Task brief
Where does the word "Funny" show up in the data? Please find each such line and copy it.

Web page caption snippets
○ ○ ○
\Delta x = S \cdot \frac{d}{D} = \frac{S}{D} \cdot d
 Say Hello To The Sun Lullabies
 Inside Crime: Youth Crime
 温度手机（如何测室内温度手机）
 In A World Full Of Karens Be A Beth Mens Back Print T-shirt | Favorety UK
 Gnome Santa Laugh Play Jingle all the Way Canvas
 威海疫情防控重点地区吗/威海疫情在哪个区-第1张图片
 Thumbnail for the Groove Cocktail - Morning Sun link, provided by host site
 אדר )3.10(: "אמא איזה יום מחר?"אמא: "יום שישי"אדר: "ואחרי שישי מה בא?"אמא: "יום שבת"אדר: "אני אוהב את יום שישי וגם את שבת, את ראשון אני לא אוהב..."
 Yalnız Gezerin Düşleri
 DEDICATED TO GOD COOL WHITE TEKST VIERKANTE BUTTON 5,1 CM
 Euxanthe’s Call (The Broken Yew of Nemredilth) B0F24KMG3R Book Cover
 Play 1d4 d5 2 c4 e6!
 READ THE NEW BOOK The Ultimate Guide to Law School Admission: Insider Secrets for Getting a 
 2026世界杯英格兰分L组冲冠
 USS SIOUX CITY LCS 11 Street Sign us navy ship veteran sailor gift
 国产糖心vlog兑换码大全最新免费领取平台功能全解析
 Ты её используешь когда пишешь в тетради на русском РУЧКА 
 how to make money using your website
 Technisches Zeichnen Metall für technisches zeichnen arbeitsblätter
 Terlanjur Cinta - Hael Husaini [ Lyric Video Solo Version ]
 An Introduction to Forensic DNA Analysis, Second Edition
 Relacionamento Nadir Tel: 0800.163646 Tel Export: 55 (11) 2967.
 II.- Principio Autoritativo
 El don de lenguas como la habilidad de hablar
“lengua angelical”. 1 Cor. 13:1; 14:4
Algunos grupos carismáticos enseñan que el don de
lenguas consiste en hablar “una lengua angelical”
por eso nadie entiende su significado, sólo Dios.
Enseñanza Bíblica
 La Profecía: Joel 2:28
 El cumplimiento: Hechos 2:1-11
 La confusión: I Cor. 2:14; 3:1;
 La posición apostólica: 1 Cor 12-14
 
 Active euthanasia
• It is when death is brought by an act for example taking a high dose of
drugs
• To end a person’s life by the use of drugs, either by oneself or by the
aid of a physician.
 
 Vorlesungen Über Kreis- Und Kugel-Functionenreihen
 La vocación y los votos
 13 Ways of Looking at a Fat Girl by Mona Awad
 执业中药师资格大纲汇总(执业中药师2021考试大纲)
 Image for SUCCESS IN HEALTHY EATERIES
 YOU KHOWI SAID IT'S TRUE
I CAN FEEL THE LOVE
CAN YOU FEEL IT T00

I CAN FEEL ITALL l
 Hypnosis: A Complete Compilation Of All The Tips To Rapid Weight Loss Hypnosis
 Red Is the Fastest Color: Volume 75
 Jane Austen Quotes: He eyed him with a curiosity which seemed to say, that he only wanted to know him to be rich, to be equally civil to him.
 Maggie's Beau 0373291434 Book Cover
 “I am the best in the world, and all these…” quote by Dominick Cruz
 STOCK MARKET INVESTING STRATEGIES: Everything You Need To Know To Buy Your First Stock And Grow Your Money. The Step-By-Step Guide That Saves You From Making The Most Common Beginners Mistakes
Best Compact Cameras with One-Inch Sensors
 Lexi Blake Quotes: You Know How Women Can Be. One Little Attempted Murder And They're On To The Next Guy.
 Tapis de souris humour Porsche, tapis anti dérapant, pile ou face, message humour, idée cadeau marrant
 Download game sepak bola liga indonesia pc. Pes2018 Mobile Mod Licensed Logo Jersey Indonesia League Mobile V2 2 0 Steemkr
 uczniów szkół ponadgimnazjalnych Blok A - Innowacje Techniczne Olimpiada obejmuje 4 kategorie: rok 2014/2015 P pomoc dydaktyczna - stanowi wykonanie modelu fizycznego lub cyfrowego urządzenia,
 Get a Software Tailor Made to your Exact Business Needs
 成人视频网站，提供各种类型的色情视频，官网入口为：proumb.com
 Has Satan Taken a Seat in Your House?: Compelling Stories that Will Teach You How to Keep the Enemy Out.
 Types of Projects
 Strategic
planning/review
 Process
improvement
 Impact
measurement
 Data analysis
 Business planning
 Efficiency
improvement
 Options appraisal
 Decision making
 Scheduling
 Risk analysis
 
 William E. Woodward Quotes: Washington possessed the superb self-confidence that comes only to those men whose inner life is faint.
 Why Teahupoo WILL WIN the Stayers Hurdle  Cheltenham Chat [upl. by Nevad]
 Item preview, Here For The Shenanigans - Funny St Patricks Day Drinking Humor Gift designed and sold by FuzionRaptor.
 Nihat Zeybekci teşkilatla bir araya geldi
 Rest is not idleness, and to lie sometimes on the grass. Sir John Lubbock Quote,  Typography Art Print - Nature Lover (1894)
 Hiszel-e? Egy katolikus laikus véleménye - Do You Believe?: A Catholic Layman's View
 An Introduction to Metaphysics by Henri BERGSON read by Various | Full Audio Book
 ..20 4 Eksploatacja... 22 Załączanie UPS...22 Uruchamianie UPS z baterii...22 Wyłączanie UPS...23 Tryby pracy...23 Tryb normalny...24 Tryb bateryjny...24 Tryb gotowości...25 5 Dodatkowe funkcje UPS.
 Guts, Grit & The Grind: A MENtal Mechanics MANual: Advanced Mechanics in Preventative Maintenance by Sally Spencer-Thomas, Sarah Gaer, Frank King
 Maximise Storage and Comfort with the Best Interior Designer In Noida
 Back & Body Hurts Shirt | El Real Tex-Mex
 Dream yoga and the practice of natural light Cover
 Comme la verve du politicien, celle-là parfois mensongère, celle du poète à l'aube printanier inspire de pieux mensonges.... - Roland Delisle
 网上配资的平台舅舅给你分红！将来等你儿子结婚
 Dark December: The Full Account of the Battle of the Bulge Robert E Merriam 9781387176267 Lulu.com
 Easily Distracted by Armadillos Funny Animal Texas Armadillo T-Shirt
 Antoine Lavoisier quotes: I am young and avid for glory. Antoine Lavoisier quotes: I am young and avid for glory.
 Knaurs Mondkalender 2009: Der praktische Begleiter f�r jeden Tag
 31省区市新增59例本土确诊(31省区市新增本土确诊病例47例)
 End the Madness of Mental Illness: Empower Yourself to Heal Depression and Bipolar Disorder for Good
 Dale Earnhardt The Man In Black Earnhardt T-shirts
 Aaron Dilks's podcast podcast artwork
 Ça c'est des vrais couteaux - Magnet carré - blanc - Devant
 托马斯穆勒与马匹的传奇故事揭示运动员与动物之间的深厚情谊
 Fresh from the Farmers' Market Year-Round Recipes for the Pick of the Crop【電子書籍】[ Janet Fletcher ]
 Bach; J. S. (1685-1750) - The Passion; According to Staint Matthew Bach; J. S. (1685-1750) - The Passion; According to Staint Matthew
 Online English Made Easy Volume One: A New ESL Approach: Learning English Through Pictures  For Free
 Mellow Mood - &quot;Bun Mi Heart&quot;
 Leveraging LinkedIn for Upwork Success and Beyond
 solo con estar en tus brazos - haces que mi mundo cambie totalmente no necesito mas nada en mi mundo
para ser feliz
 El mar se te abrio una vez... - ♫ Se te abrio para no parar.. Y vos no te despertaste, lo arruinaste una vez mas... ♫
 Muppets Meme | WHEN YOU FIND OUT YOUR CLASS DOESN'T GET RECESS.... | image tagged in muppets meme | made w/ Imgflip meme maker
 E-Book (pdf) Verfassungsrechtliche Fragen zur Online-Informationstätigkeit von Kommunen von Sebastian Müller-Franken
○ ○ ○
Answer box
 Item preview, Here For The Shenanigans - Funny St Patricks Day Drinking Humor Gift designed and sold by FuzionRaptor.
 Easily Distracted by Armadillos Funny Animal Texas Armadillo T-Shirt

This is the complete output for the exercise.